Red Shoulder Hawk

Red Shoulder Hawk

Monday, May 07, 2007

A busy couple of days

We got 2 cubic yards of dirt delivered. My newest housemate and I shlepped it up to the raised beds. She made more trips, but I carried two buckets at a time. We carried about 1000 pounds of dirt up to the deck. I didn't make an herb spiral, after all; I modified it into an "S" curve, since the back of the planter isn't very accessible. Nick and Caity moved the remaining dirt over to the edge of the driveway so we can get the cars in and out. They did a great job; you couldn't see a speck of dirt left from where the pile had started.

Here it is, after she planted all the new plants. I'm not an herbalist, but I can recognize rosemary, lavender, chives, nastertium, primrose, chamomile, comfrey...

Comfrey, you say? Isn't that a deep-rooting plant? Why yes, it is! Hopefully we can use this space as a nursery and grow more, to plant down in my yard and continue the process of building some topsoil.

I also tended the beehive. The new honey is sure tasty! Those sweet little workers have grown comb across multiple top bars; I'm sort of at a loss about what to do. I've called Julia.


Sunday Caity and I went on a little bit of the Natives Garden Tour. We loved Jenny and Scott Fleming's garden! 1.5 acres on a hillside, started in the 1950s, this amazing garden is home to 200 species of natives, has amazing lava rock staircases throughout, and a cute waterfall to sing to you as you look out over the bay to the Headlands.

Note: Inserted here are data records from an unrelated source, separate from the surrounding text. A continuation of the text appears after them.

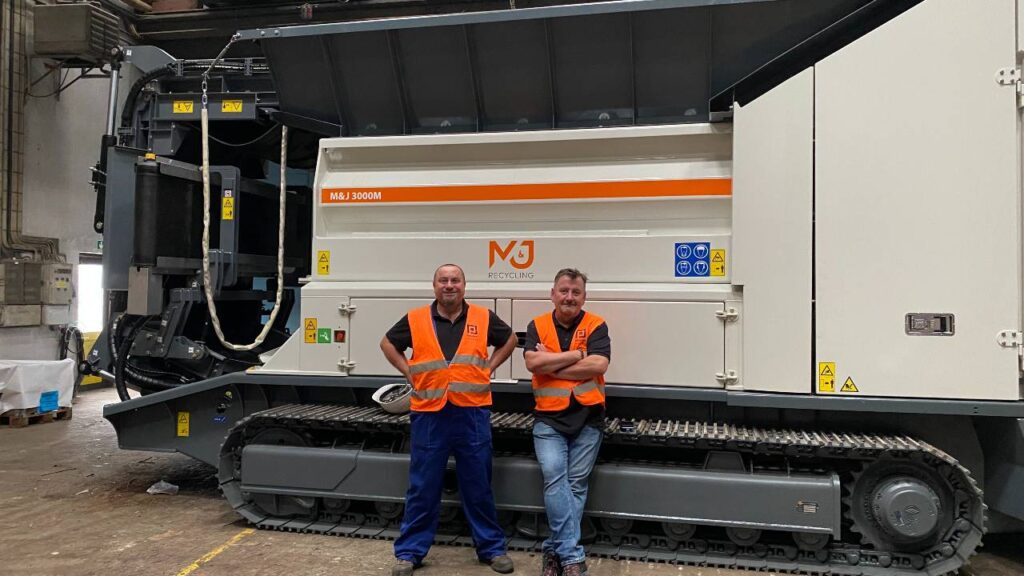 Meet Powers Maszyny – our new sales & service partner in Poland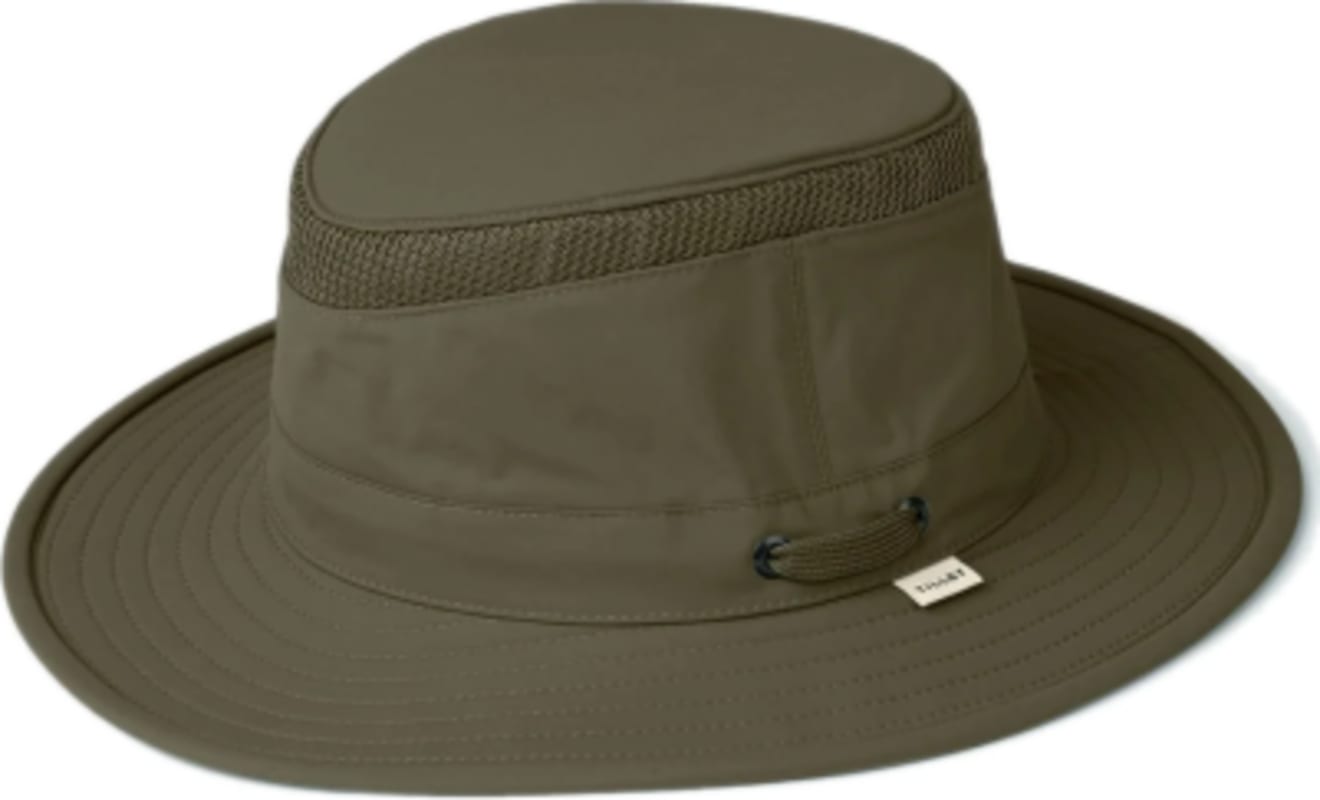 Tilley LTM5 Airflo Hat 7 1/2 Olive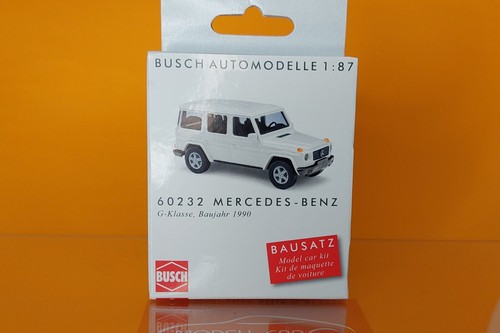 Busch 60232 bausatz - 60232,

The garden is quite vertical; I bet that there's more than 2 acres of growing space. I am very inspired by the naturalistic mixing of so many species, all in their respective zones, but spread deep; ferns, sorrell and wild ginger at your feet, huckleberry and currants at your findertips, dogwood and fremontias over your head, and aspens and redwoods towering above all. Pipevines and vine maples link everything together, but tastefully, not in a tangled way.

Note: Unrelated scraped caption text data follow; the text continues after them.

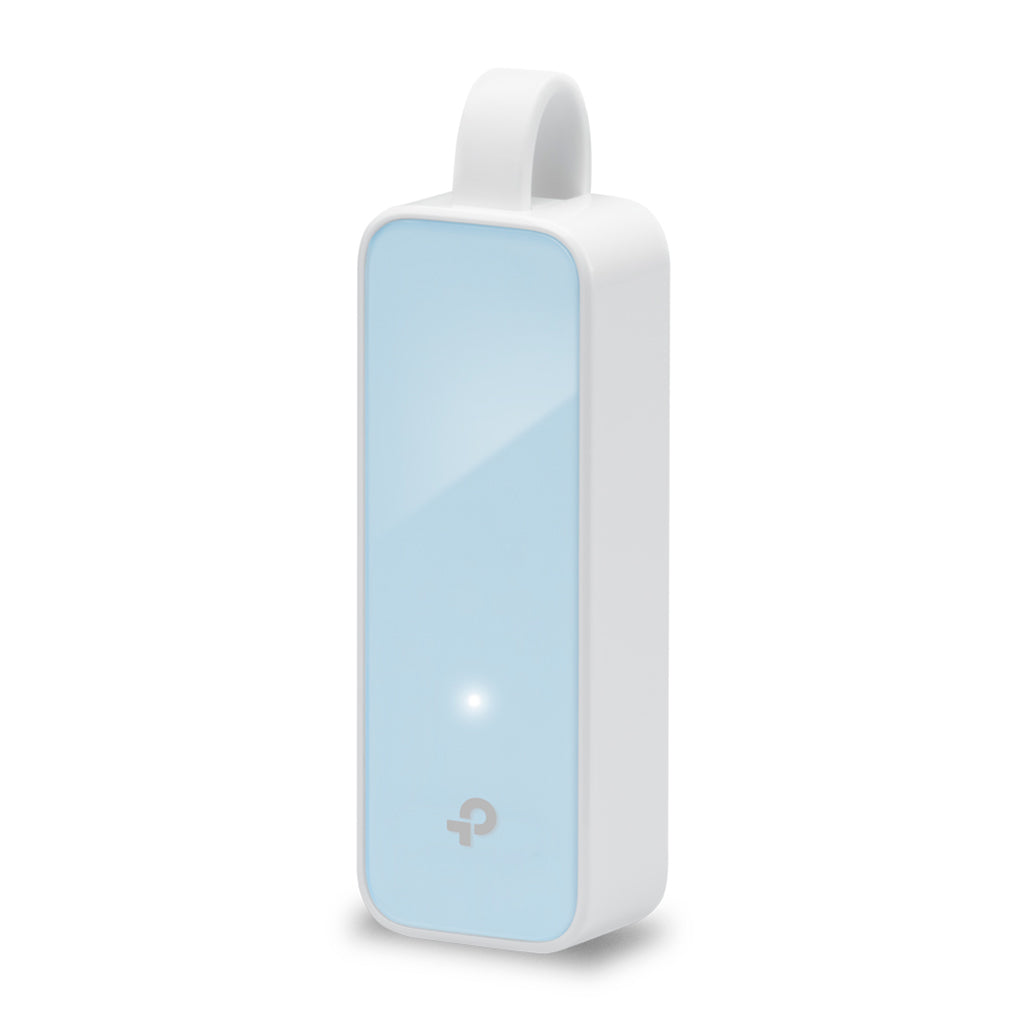 Adaptador USB Ethernet TP-LINK UE200 - Conexión RJ45 de Alta Velocidad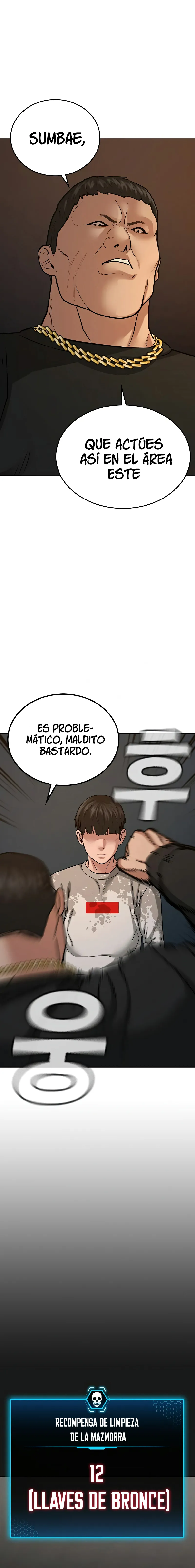 Reality Quest Capítulo 25 en Línea - página 15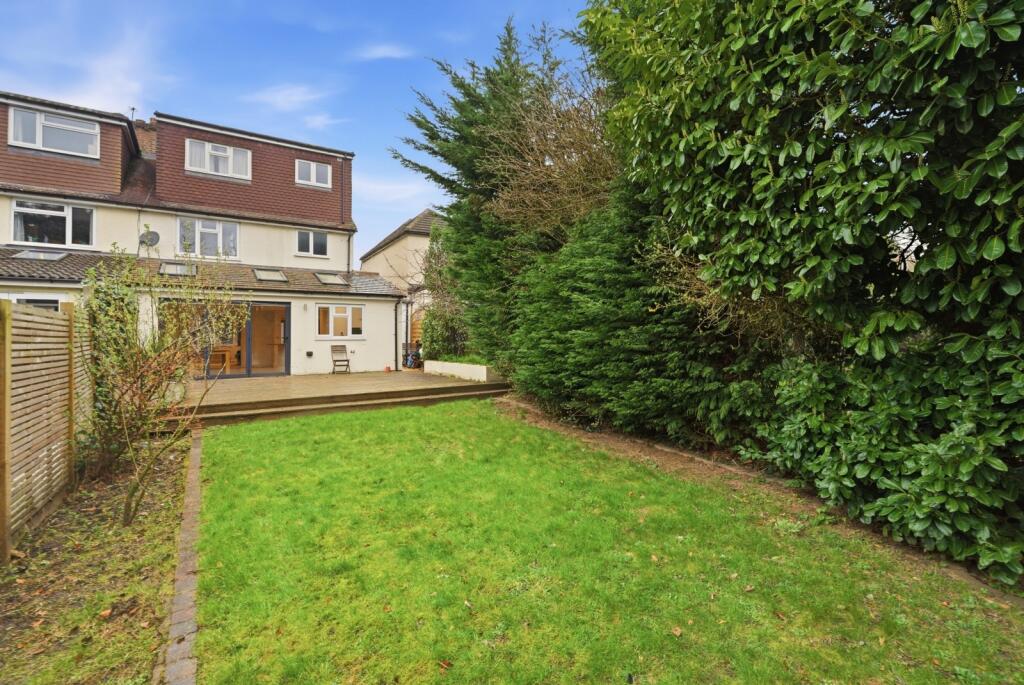 Additional image 15 of Watford Road, St Albans, Herts, AL2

I'm thinking quite seriously about how verticality works into my plans. Under the plum tree, I could plant redwood sorrel and native California strawberries, with some comfrey to draw nutrients up. Then a rose (cultivars and natives) insectory level, California native grapes, and then the plum tree canopy. There's room for one or two more levels in there, but someone with some knowledge should let me know what to plant.